Глядеть в окно на зиму готов я целый век —
на улицу, укутанную в снег.
Да, я скала,
я остров в океане.
Я огражден,
и неприступны стены,
их никому не одолеть.
И дружба не нужна мне — она рождает боль;
куда спокойнее с самим собой.
Да, я скала,
я остров в океане.
Любовь? Ну что ж,
ее отчаянье и слезы
давно лежат на дне души.
Все чувства отгорели и отошли ко сну —
и их будить я больше не рискну.
Да, я скала,
я остров в океане.
Мои тома,
стихи — надежней нет защиты;
я в них отныне как в броне.
Стены, потолок — пускай я одинок,
но мир не прикасается ко мне.
Да, я скала,
я остров в океане.
А скалы не скорбят;
а острова — не плачут.
ИЗ ЦИКЛА «ПОРТРЕТЫ»
1. ОТЕЦ
Есть у отца высокое кресло и свой парикмахер домашний,
восемь детей, несметное множество внуков.
Между двух тополиных стволов скамейку
никто не займет.
И елпигич* с рукоятью узорной
из-под подушки выглядывает.
Все наносное и лишнее
уходит из мира отца:
дальние родичи,
широкие людные площади,
шумный базар, заботы о хлебе и соли.
Русская речь покидает усталую память.
Рядом с ним посиди —
долог день, успеешь набегаться.
Влажные хрипы послушай
в бедном натруженном горле.
Муха бесшумно поверхность стекла изучает.
Плотно сомкнуты веки.
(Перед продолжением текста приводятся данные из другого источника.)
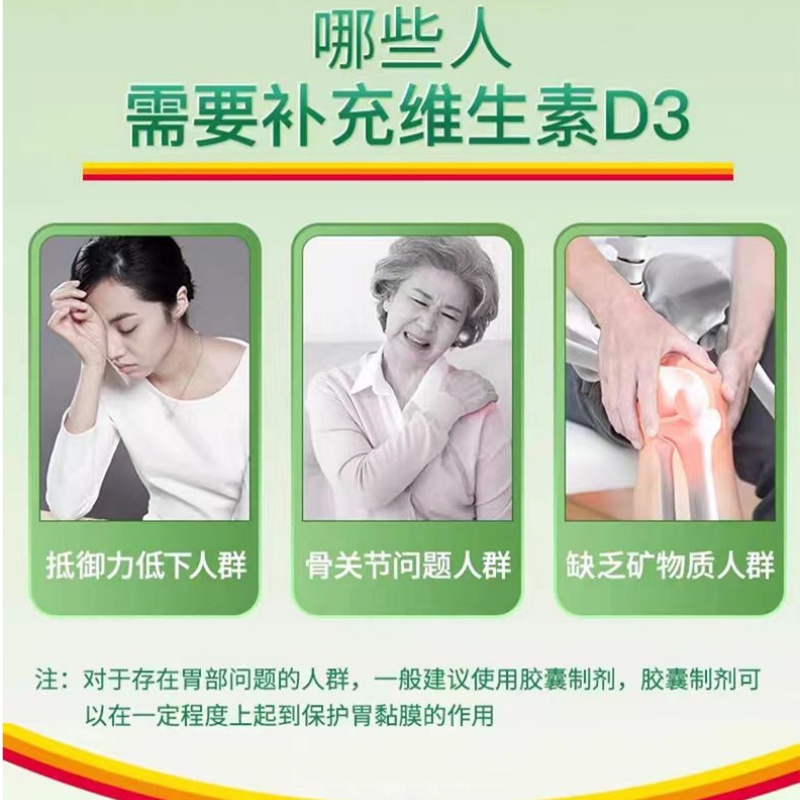 加拿大进口Jamieson健美生维生素d3 2500IU软胶囊135粒中老年维生素D送礼高清大图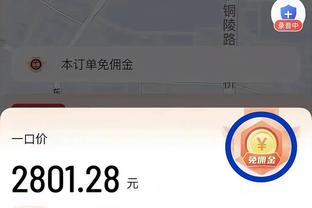 花了呀！凯尔特人次节2分钟内打出10-0进攻波&以40-15领先到25分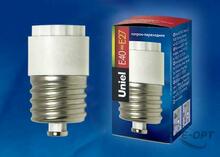 Изображения товара LH40-27L BASE ADAPTOR Переходник для цоколей с E40 на E27 длинный | 00719 | Uniel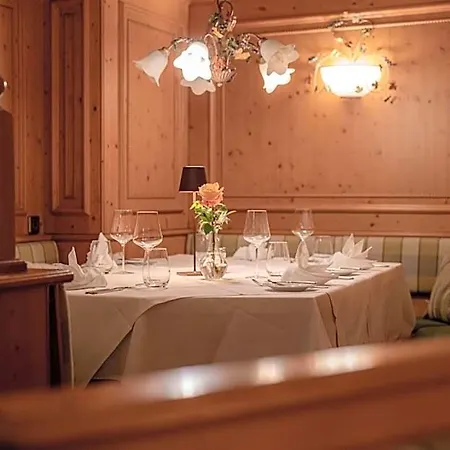 Weinhotel Adler 酒店 3*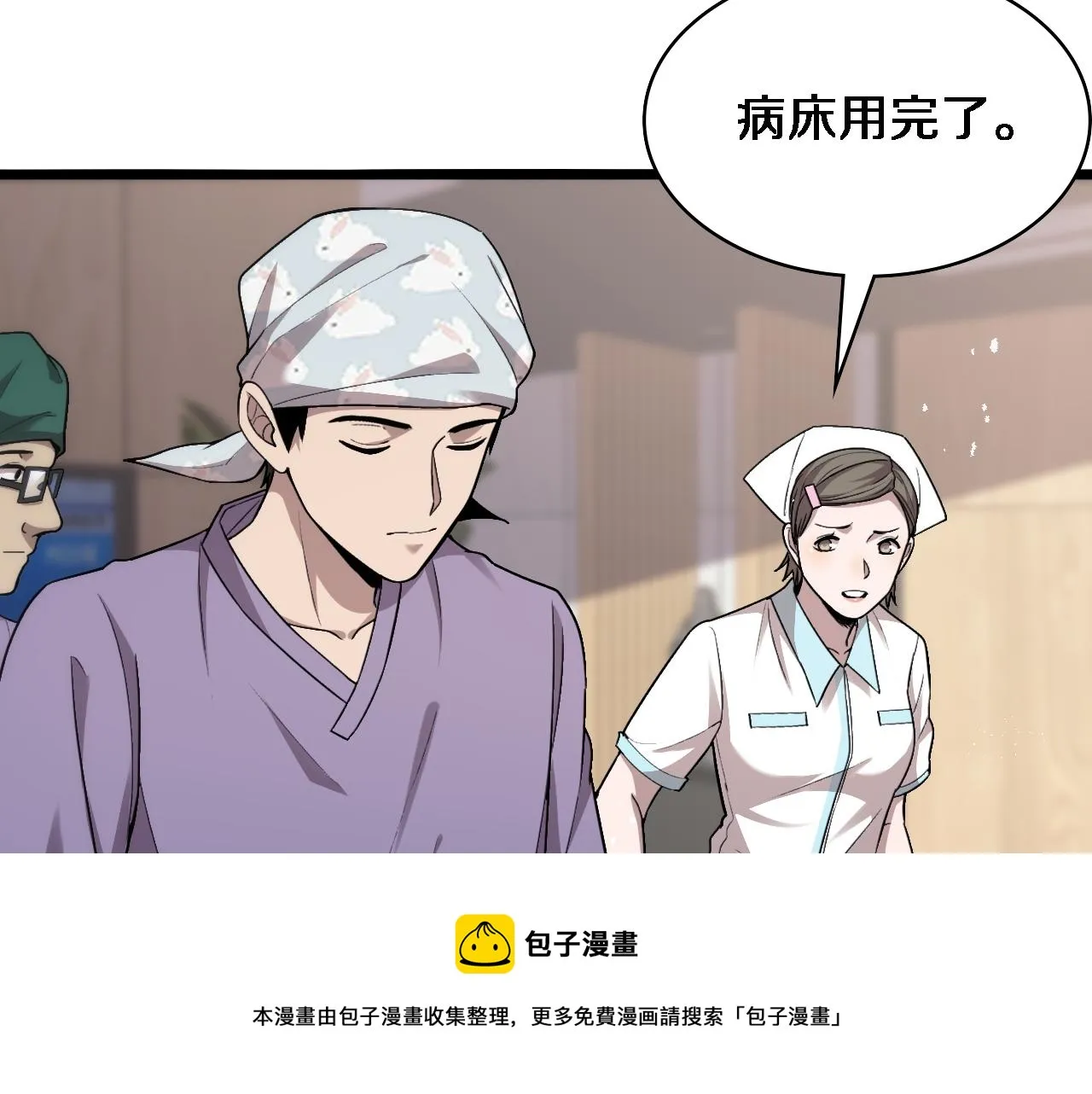 第116话 够用？不够用？ 第97页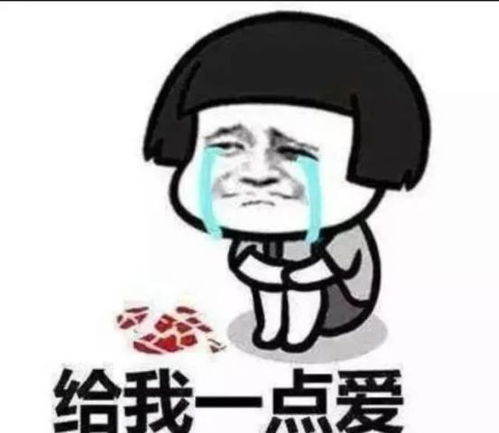 你的自拍和他拍哪个才是照骗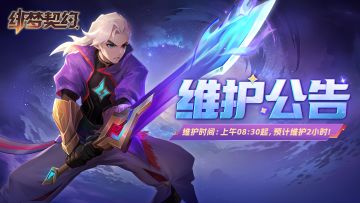 【维护公告】福利活动限时开启，杏林禁域降临异界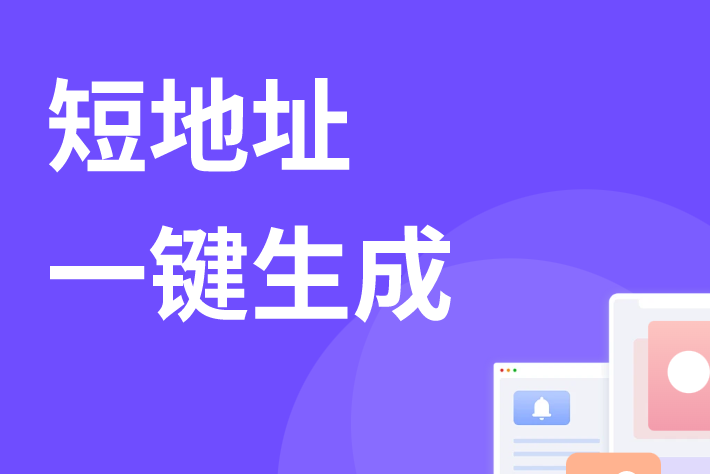 在线短网址生成器 - 0成本解决链接过长问题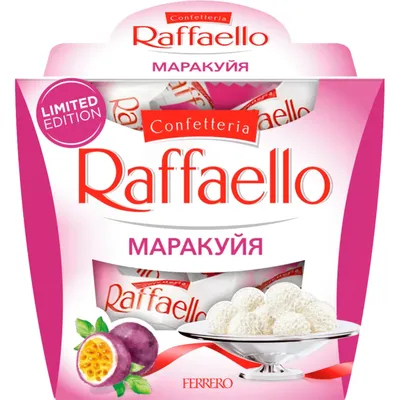 Конфеты «Raffaello» маракуйя, 150 г купить с доставкой, цены в  интернет-магазине Едоставка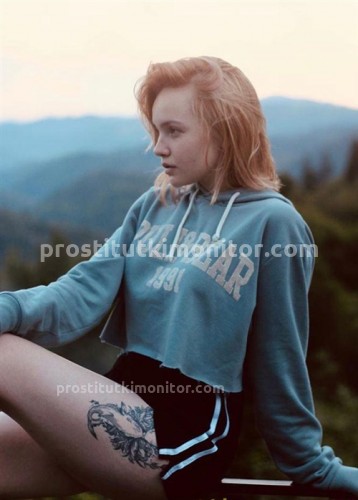  Надя, Г. Луганск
Ступай.
Отец отдыхает…
_________________________________
* Елпигич — флажок с вращающимся полотнищем, разновидность веера.
2. ЛИДИЯ АНДРЕЕВНА
Сливаясь с паром,
плавится мороз.
Сугробов синие иголки
у школьного крыльца
покалывают зренье.
Печальная наставница с чертами
Пьеро, вооруженная гитарой,
проводит вечер памяти. Одно
окно освещено
во всей огромной школе.
Вокруг Андрей, Татьяна, Света с Колей.
Возможно ли, чтоб вера не погасла?
Закат за новую зарю не примут —
и года не пройдет, как снимут галстуки
и выбросят значки.
Приходит муж, чтобы романс исполнить.
Всего семь нот —
а за душу берет.
И ненадолго вспыхивает вера.
Но вот уже допет троллейбус синий,
все чаще Сева смотрит на часы,
и за окном стоит не наша эра.
3. КАТКОВ
Доктор Катков,
вырезавший мне гланды,
помню боль от твоих блестящих щипцов,
смутно — руки в рукавах белоснежных и плечи,
и совсем не помню лица.
Ветер колышет
желтые травы.
Полустертый портрет на гранитном камне
возвышается над оградками пациентов.